Hele bizim toplumumuz gibi, kendisinin yerine bir başkasının düşünmesini, yazmasını, tepki koymasını, mücadele etmesini ve özveride bulunmasını bekleyen insanların çoğunluk oluşturduğu bir yapıda, aydınlık yarınlar uğruna yaşamlarını hiçe sayan bu kahramanlara olan borcumuzun ödenemeyeceği kanısındayız. Onların savunduğu değerlere sahip çıkarsak, belki bizlere düşen görevi bir parça da olsa yerine getirmiş, oluruz.
Ülkemizin Demokratik Laik Sosyal Hukuk Devleti niteliği ve kimliğinin geriçiliğe dolandığı, etnik bölücülük söylemlerinin yükseldiği,ulusal değerlerin ötelendiği bu günün Atatürk Türkiyesinde bu yiğit insanın yokluğunu eksikliğini çok ama çok daha ağır hissetmekteyiz.
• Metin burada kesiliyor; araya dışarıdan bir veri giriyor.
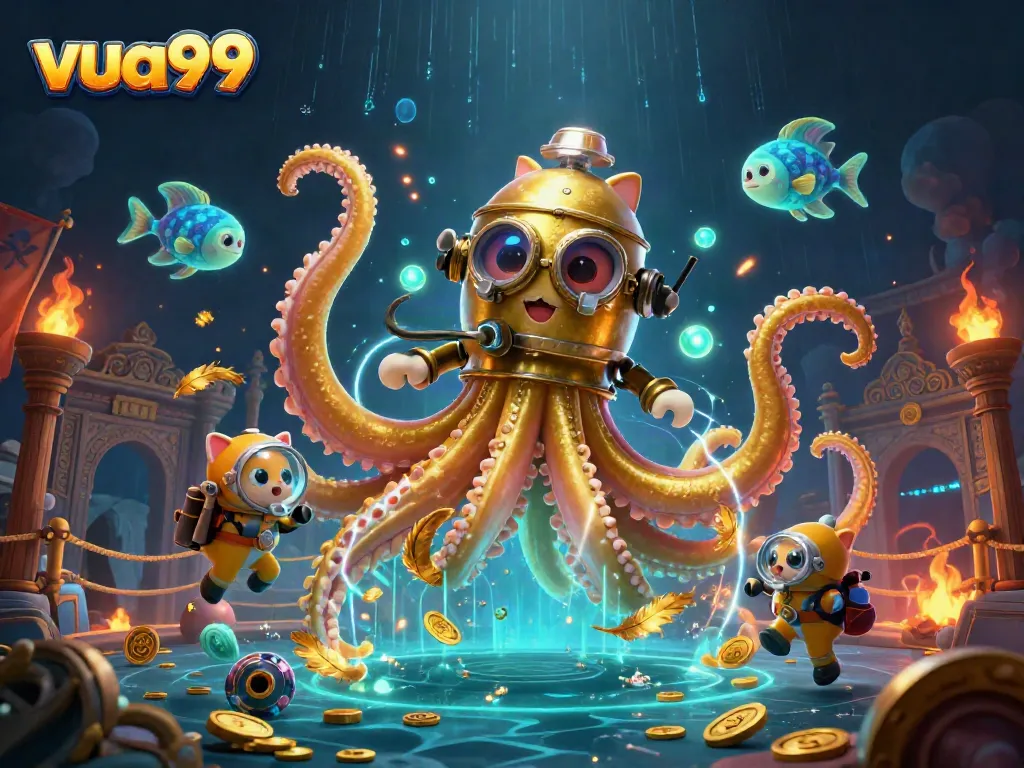 Win big at vua99 with thrilling underwater adventures featuring a kraken and diver.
Ulusallık adına, egemenlik adına, Atatürk ilke ve devrimleri adına, laik Cumhuriyetin kazanımları adına çağdaş değerler ve aydınlık yarınlar adına ülkemizde yaşadığımız tüm olumsuzluklar ve saçmalıklar nedeniyle Mumcuyu özlemle anıyoruz. ilkelerini aynı kararlılıkla sürdüreceğiz."